- [PROMPT] Could you set down exactly the lines in the records below between the line holding "Ashton Townhouse Motel" and the line holding "925 NE Cedar Street Roseburg OR 97470", inclusive?

- [RECORDED DATA]
Content starts

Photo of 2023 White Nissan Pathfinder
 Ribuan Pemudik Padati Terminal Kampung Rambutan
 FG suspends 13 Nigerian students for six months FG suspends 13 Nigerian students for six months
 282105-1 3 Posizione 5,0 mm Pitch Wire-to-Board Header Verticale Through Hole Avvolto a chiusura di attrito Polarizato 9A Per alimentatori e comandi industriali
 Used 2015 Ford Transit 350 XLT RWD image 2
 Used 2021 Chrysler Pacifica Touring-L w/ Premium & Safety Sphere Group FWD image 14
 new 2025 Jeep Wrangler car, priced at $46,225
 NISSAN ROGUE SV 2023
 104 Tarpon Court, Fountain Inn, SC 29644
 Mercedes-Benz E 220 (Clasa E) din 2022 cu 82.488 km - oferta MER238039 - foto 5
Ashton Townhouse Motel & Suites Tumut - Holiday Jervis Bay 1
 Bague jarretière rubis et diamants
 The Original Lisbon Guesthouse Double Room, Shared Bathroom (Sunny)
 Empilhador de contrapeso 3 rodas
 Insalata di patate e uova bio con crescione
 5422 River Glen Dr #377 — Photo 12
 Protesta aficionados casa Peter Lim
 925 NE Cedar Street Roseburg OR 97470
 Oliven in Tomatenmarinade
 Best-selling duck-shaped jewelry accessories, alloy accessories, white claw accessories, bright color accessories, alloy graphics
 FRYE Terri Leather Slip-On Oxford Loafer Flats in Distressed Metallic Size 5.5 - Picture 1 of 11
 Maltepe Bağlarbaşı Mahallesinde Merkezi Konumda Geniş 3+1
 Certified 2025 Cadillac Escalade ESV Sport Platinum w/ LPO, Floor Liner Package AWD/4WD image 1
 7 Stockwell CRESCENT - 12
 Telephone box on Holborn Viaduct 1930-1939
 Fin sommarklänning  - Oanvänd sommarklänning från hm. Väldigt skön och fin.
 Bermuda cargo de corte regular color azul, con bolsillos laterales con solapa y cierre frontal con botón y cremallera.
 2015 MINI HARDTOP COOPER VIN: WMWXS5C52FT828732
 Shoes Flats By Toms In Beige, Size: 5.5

Content ends

- [YOUR RESPONSE]
Ashton Townhouse Motel & Suites Tumut - Holiday Jervis Bay 1
 Bague jarretière rubis et diamants
 The Original Lisbon Guesthouse Double Room, Shared Bathroom (Sunny)
 Empilhador de contrapeso 3 rodas
 Insalata di patate e uova bio con crescione
 5422 River Glen Dr #377 — Photo 12
 Protesta aficionados casa Peter Lim
 925 NE Cedar Street Roseburg OR 97470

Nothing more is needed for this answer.